== WHAT TO DO ==
Copy each entry below exactly. No images.
BEGIN DATA TO USE
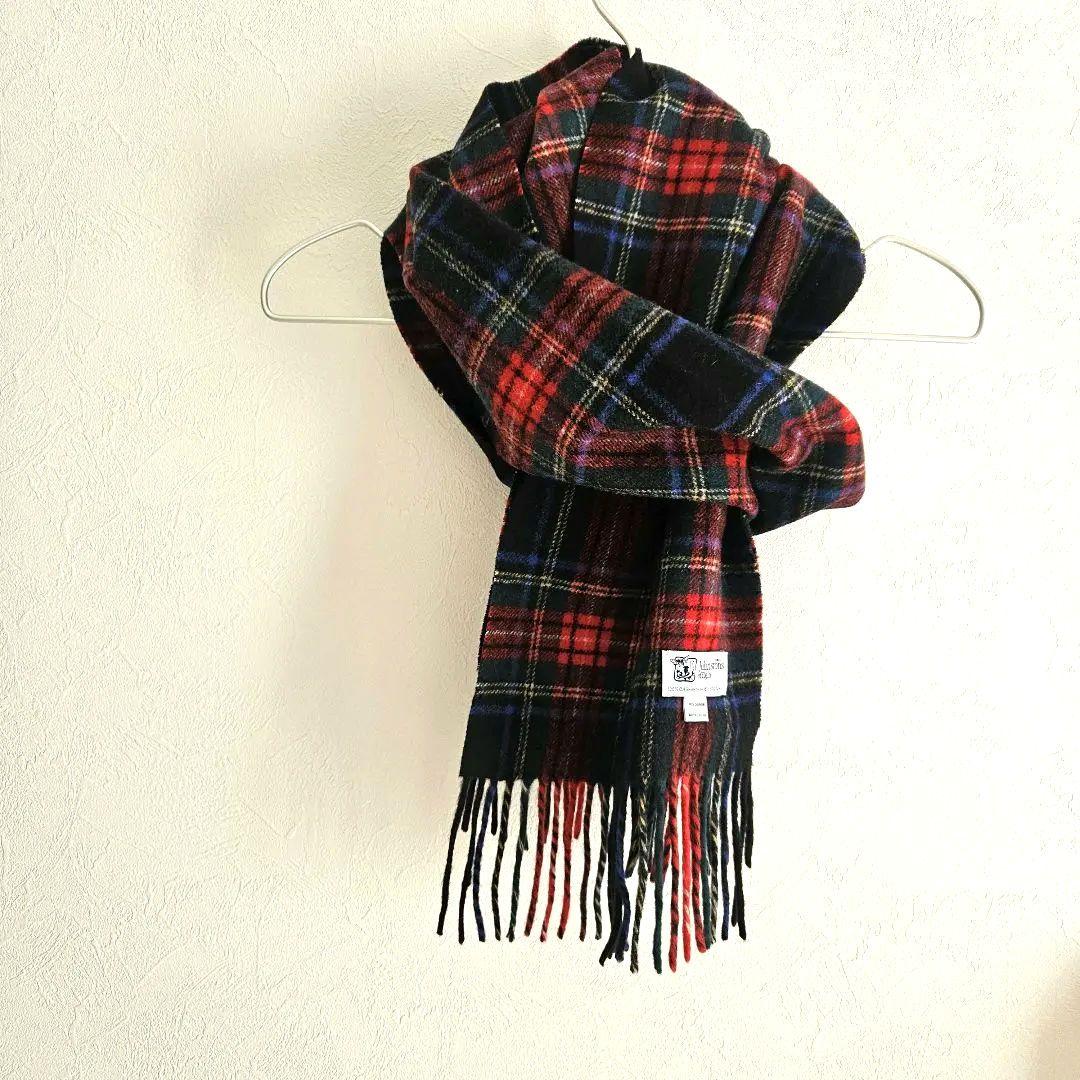 ジョンストンズ カシミヤ 100%マフラー チェック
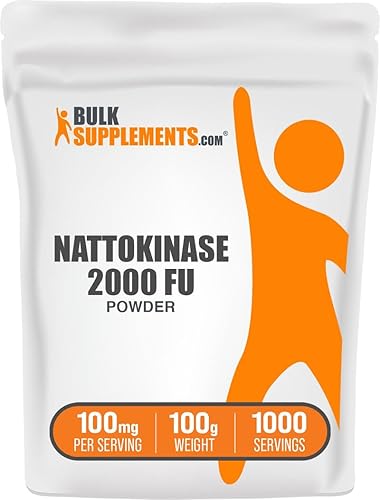 BulkSupplements. com Nattokinase 2000 FU Polvo - Procedente de extracto de natto, suplemento de nattoquinasa - 100 mg de polvo de natto por porción,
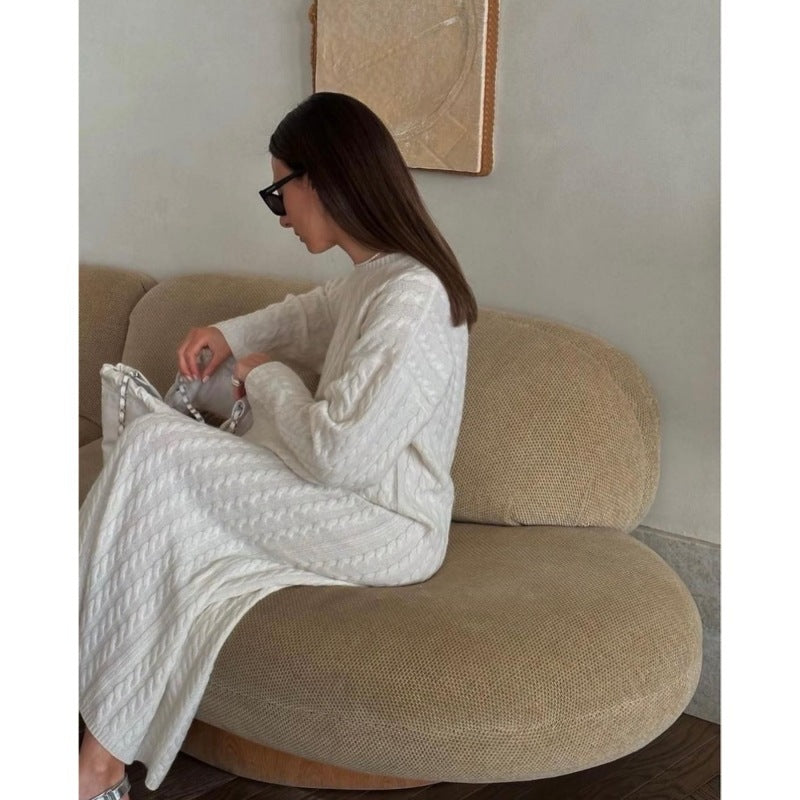 Wool Mid-length Round Neck Long Sleeve Twisted Knitted Dress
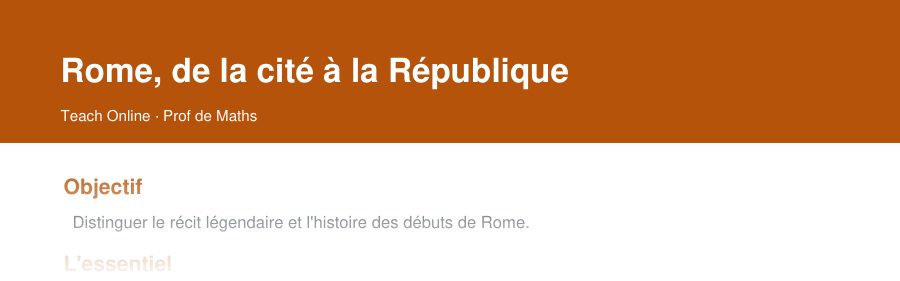 Aperçu : haut de la première page — Rome, de la cité à la République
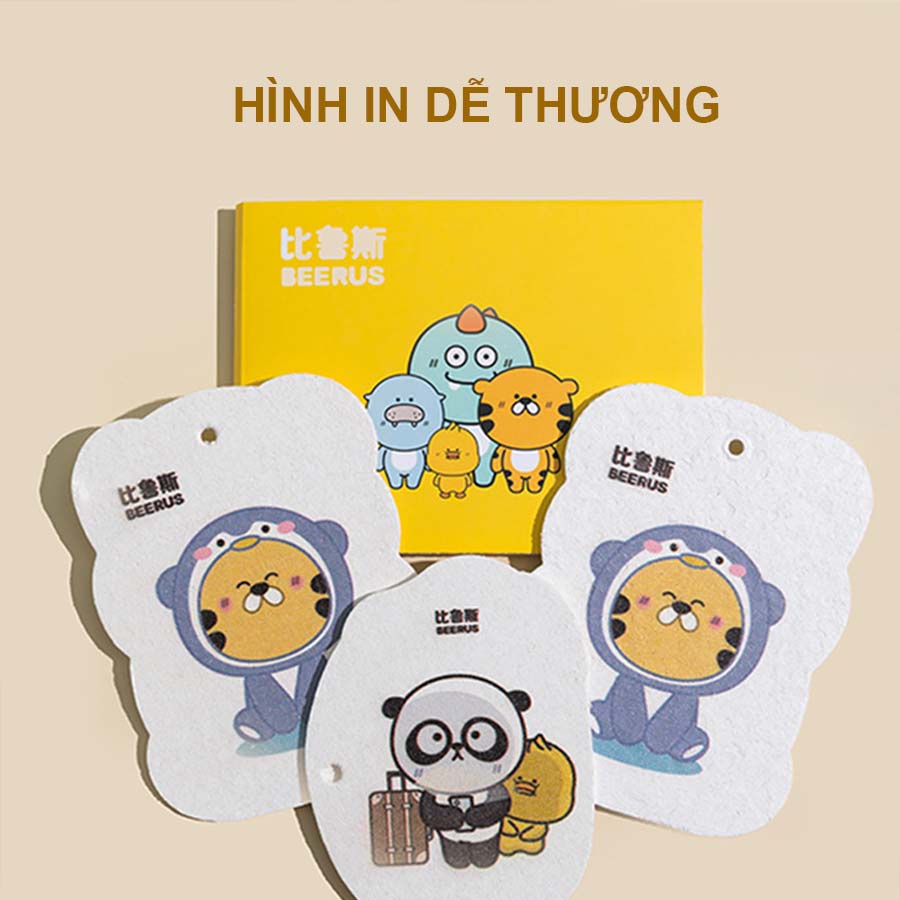 Mút Rửa Chén Dạng Nén Tái Sử Dụng Nhiều Lần Hình Động Vật Chống Vi Khuẩn E003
END DATA TO USE
== EXERCISE RESPONSE ==
 ジョンストンズ カシミヤ 100%マフラー チェック
 BulkSupplements. com Nattokinase 2000 FU Polvo - Procedente de extracto de natto, suplemento de nattoquinasa - 100 mg de polvo de natto por porción,
 Wool Mid-length Round Neck Long Sleeve Twisted Knitted Dress
 Aperçu : haut de la première page — Rome, de la cité à la République
 Mút Rửa Chén Dạng Nén Tái Sử Dụng Nhiều Lần Hình Động Vật Chống Vi Khuẩn E003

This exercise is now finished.